Medellín
Colombia
The city of eternal spring reinvented — cable cars, flower festivals, and a booming café scene at 1,500m.
Today's high / low 18°C
Currently 27°C, overcast · feels like 28°C
7-day forecast
Best months
Colombia's second city spent twenty years being famous for the wrong reasons and has spent the last twenty building something worth visiting. The transformation is real, the pride is justified, and the city that emerges from both is one of the most interesting in South America.
When to go
December through February and July through August are the driest months. Medellín sits in a valley at 1,500 metres, which gives it famously mild weather year-round: warm enough to eat outside every evening, cool enough to sleep without air conditioning. The Feria de las Flores in August is worth timing a trip around if you can.
What it's actually like
The city is built on steep hillsides, and the cable car system that connects the comunas to the centre below is both practical transit and one of the best viewpoints in the city. The food scene around El Poblado and Laureles is genuinely good. The coffee is excellent. The cocktails are cheap. The nightlife runs late and takes itself seriously.

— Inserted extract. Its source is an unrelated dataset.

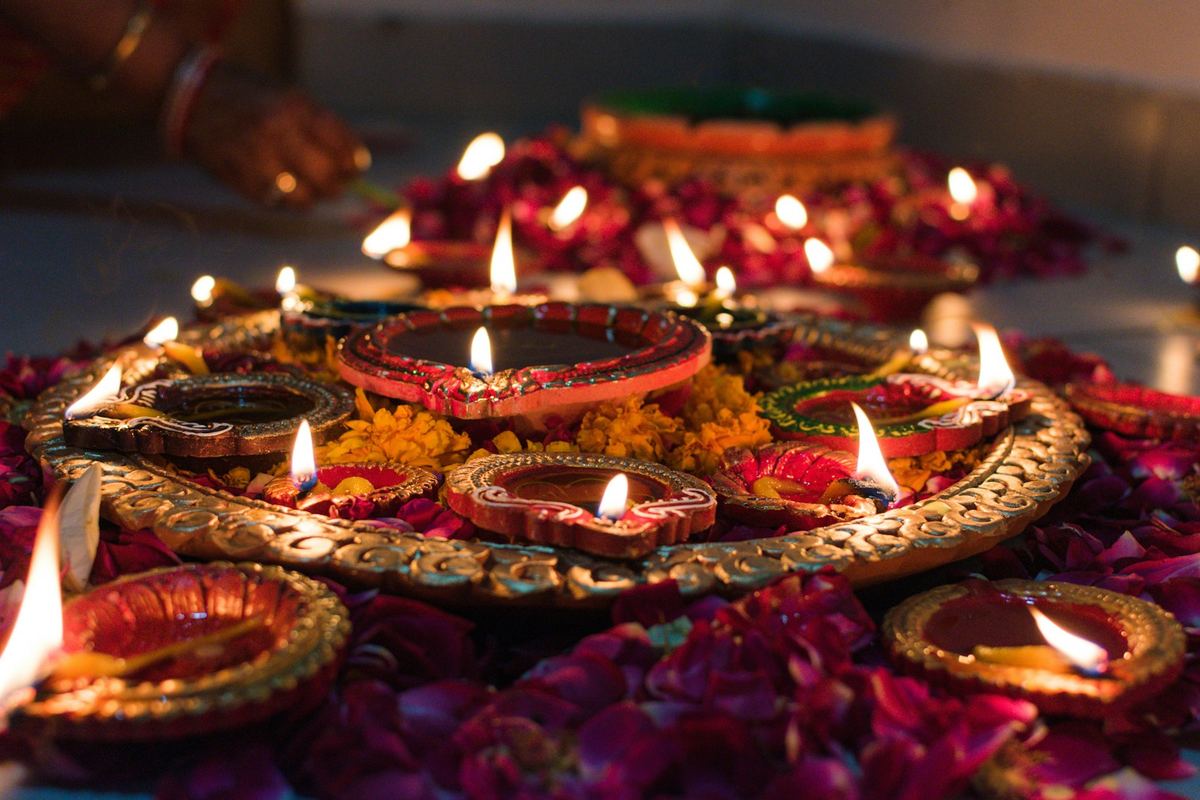 Lit Diwali diyas on a decorated tray with flower petals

History is present too: tours of the Pablo Escobar sites exist and are thoughtful about the damage done, not exploitative. Worth doing once.
The neighbourhood you want
El Poblado has the restaurants and the international crowd. Laureles is where locals actually live: less polished, better bakeries, and feels more like the real city. Staying in Laureles and eating in both is the right move.
Don't miss
Take the cable car to Parque Arví. It's two cable car segments above the city, there's a farmers market at the top, and the views over the valley on the way up are the best argument for Medellín you can make.